In 2005, Senator Reid announced a $750,000 Economic Development grant was awarded to the City and the Foundation to rebuild the track from Hiline Junction to McGill Junction. In the spring of 2008, the project was ready to begin. Dennis Winger stepped up to the plate to serve as Project Manager and Leonard Cassieri was Construction Manager. The project started at Hiline Junction and headed north. The first tasks were grading a service road and removing brush from the tracks. In nine years, the track was overgrown with sagebrush. Crews started in March removing the sage. Then truckload after truckload of ties showed up along with spikes, joint bars, bolts, and a couple pieces of rail.

Crews then started removing the worn-out ties and inserting new ones. Following the tie gang was the plate gang that reset the tie plates on the tie. Then came the spiking gang, spiking four spikes to every tie. Slowly, the crews made there way south. After a mile of track had been spiked then came the ballast trains.

This was the dirtiest and most dangerous part of the job. Five ballast cars were filled with 60 tons of ballast each. At this point, the track looked like two thin ribbons of spaghetti twisting and turning down the hill.

The ballast train started at Hiline Junction. At the car farthest from the engine, a man on either side of the train opens the dump doors under the car. A signal is given to the engineer and slowly the train is pushed down the hill. Great big plumes of dust boil out of the car. The wind comes and blows the dust everywhere. It's hot, dusty, and dangerous. The men on either side of the train walk slowly dumping the ballast, opening the doors a little more as the ballast starts to run out. The dust is everywhere. And it is so thick you can't see the train at times. Once a car is emptied, then the next car is dumped, until 600,000 pounds of ballast have been dumped. The process starts all over again and another 600,000 pounds of ballast is dumped.

After the empty ballast train pulls away, what's on the ground doesn't look like track. Now the two thin ribbons of spaghetti twisting and turning down the hill are buried up to the tops of the rail under rock.

Now you wonder just how is this going to turn out. The magic is the next two pieces of equipment: the ballast regulator and the tamper. The ballast regulator spreads the ballast out so the tamper can then tamp it under the ties. Slowly the two strands of spaghetti are turned into a railroad. The dips, bends, and humps are removed by the tamper. And the ballast regulator follows behind smoothing everything out. The transition is magical. What were two strands of spaghetti is transformed into a railroad. Ballast tamped tightly under new ties. The rails straighten and gauged. And finally, the ballast is groomed with a defined shoulder.

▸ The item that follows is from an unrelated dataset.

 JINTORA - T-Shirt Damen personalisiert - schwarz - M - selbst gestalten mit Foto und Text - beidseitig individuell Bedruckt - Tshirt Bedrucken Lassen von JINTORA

Locomotive 204 is shoving a ballast train towards the Club 50 crossing. This is the first time a train has been on this section of track since 1999. (Locomotive 204 was one of the BHP locomotives that hauled ore trains over this section of railroad.)


We're not quite to McGill Junction yet; we're close. Our next challenge is where the track crosses US Highway 93. Called the Club 50 crossing, the crossing is failing. The track and roadway are just about to the end of their service life. Plans have been developed and the project has been released for bidding. The new Club 50 crossing will be built to current specifications, 136-pound rail as opposed to 70-pound rail. The road surface will have concrete panels. And instead of just two sets of flashing lights, there will be lights and gates.

Once this project is complete, it's on to McGill Junction. By bringing the southern third of the railroad into compliance, we are ready for the rebuilding of the northern two-thirds of the railroad. Then Ely will once again be connected to the national rail system. In this era of high fuel costs railroads are the most fuel-efficient method of moving large quantities of freight and material. The City and the Foundation are on the verge of completing the first step in this project. With the track rebuilt to McGill Junction, we'll be ready to tie into the reconstructed portion of the track that LA owned. And once this happens, Ely and White Pine County can reap the benefits of low cost rail transportation.